Survey Results: IT Executives Are Polarized in Views of Public Cloud
A recent BlueStripe survey of IT Executives from large companies revealed that enterprise-scale organizations remain hesitant about deploying applications to the Cloud. Twenty-five percent of those surveyed said their company had no plans to move to public or hybrid cloud, and another 56% said that while cloud options were being considered, no decisions had been made. Only 3% said that they have invested heavily in public or hybrid cloud deployments.
So how will 2013 be The Year of the Hybrid Cloud? Three simple concepts – flexibility, cost, and management.
Hybrid Cloud Deployments – Combining the Best of Both Worlds
Webster’s defines Hybrid as “being composed of two diverse elements.” Implementing a Hybrid Cloud environment leverages the strengths of Cloud deployments, while minimizing the risks by maintaining control of back-end systems in the data center.

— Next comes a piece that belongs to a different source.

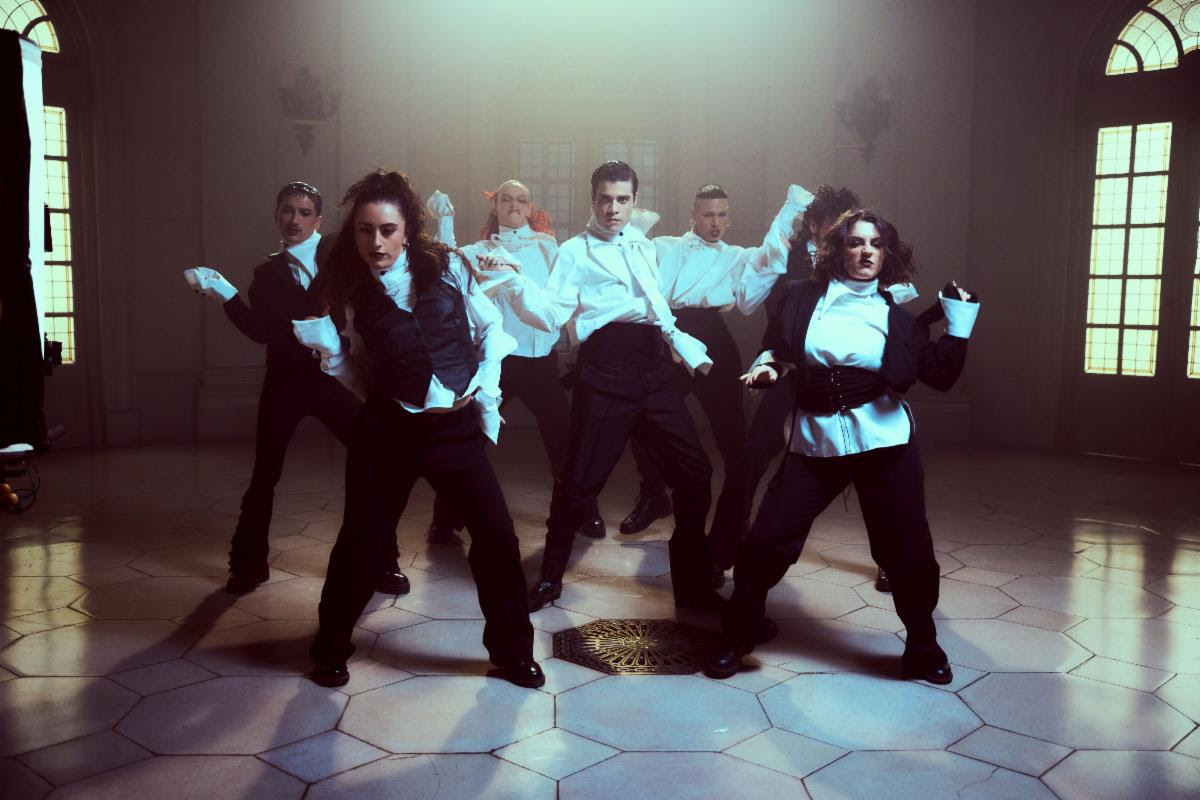A group of dancers in white shirts and black pants performing a synchronized routine in a lit studio courtyard setting.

Concerns with applications in the Cloud center on three things: attaining flexible scalability, securing back-end data, and managing application performance. A properly architected Hybrid Cloud deployment makes it easy to achieve all three.

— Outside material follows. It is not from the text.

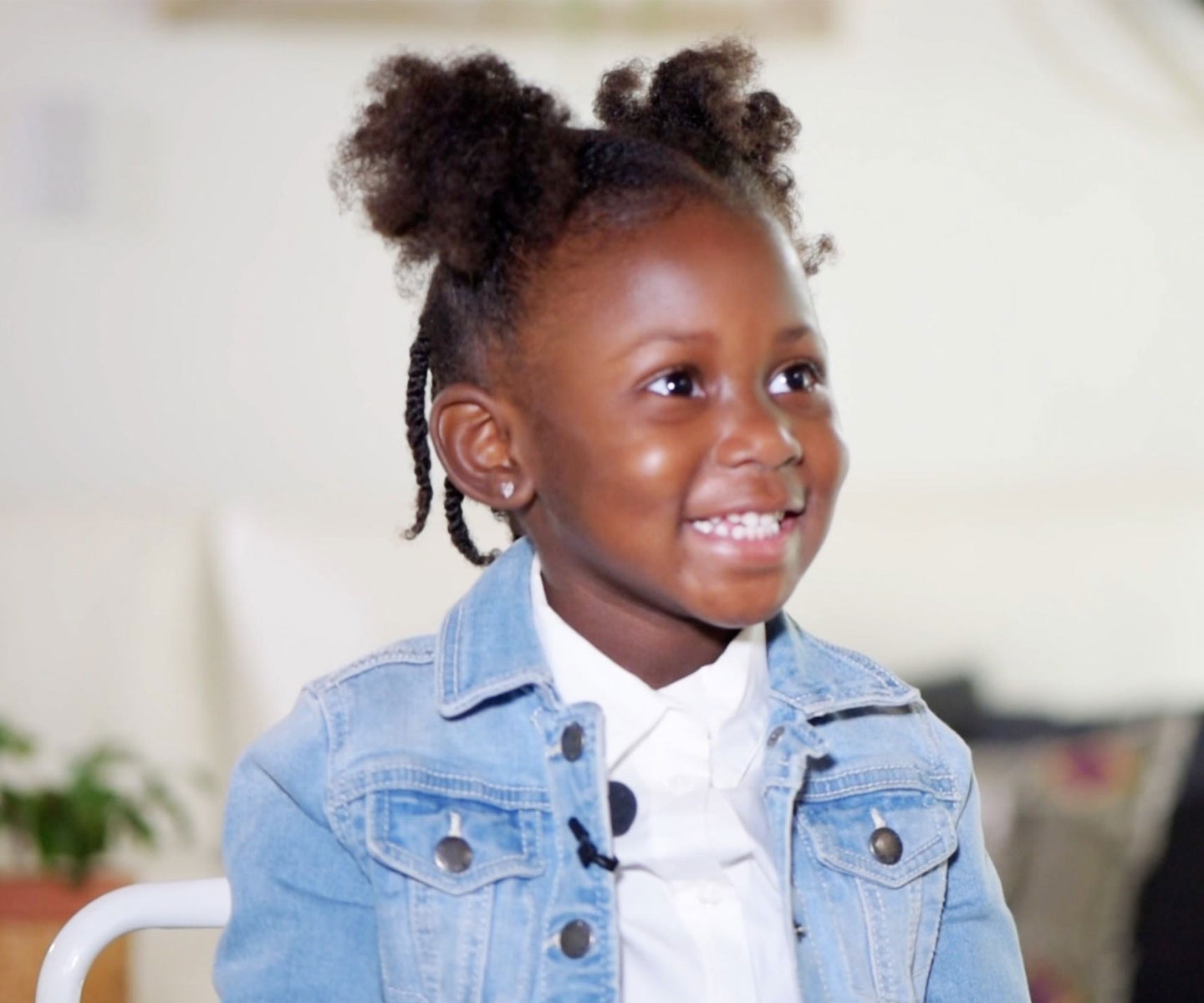 Petite fille d’âge préscolaire en veste en jean, assise en intérieur, regard hors champ et souriante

Using Hybrid Cloud environments, IT teams can deploy applications faster, adjust capacity to meet demand in real time, and consolidate server management for potentially huge cost savings. Hybrid Cloud allows companies to keep control over their secure, proprietary data. The remaining issue is the potential loss of application and transaction management visibility.
Managing Applications In the Cloud: Closing Visibility Gaps
Whether chasing down an error-prone patch, an integration issue between two servers, or just an overall slow application, IT Operations teams need complete transaction visibility to understand, monitor, and manage application performance and availability, both in and out of the Cloud environment. Until now, the “appropriate” level of management visibility has been dependent on deployment specifics – with public deployments demanding less visibility than the IT Operations-controlled internal physical and virtual environments. Hybrid Clouds, however, turn that notion on its head, requiring the most visibility across all pieces of the application environment.

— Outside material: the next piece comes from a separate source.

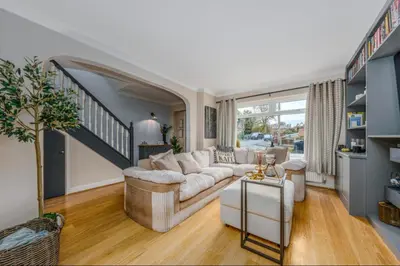 a living room with a couch and a staircase at Everythings Rosey at Rosecroft in Ormskirk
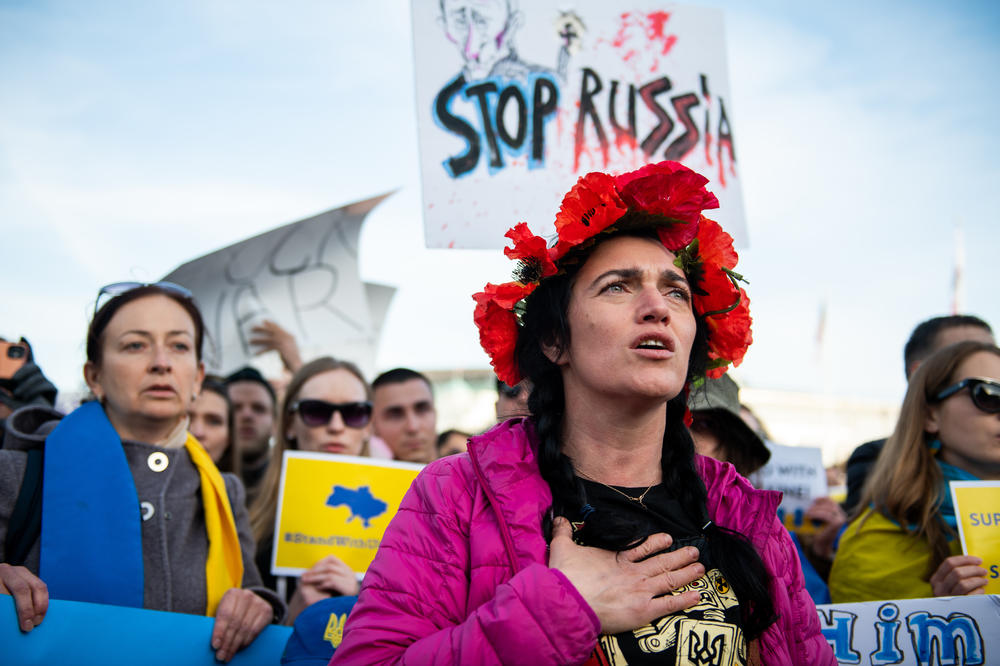Julia Kosivchuk sings the Ukrainian national anthem during a protest in front of San Francisco City Hall on Feb. 24, 2022, against the Russian invasion of Ukraine. Full story <a href=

The visibility gap created by the separation of application functionality from server specification must be crossed to properly manage any Cloud environment. The key is to monitor end-to-end transaction performance across both parts – Cloud and Data Center:
- In the Data Center, knowing exactly which servers are involved in any given transaction helps the Operations team resolve performance issues. It also allows the architecture / development team to understand how the actual implementation relates to the original application code and architectures they put together. Without this visibility, its difficult – if not impossible – to avoid finger pointing exercises when problems occur.
- For Hybrid Cloud, there’s a different nuance. It’s not only necessary to know where transactions go in the Data Center and where they go in the Cloud, IT Operations teams also must be able to tie each transaction across the Cloud and through the Data Center.
Application Performance Management tools are evolving to allow for the complete visibility needed for end-to-end transaction visibility in Hybrid Cloud environments. With complete application visibility regardless of deployment architecture, enterprise companies are now in the position to take advantage of the same benefits that small and midsized companies are enjoying by using Cloud deployments.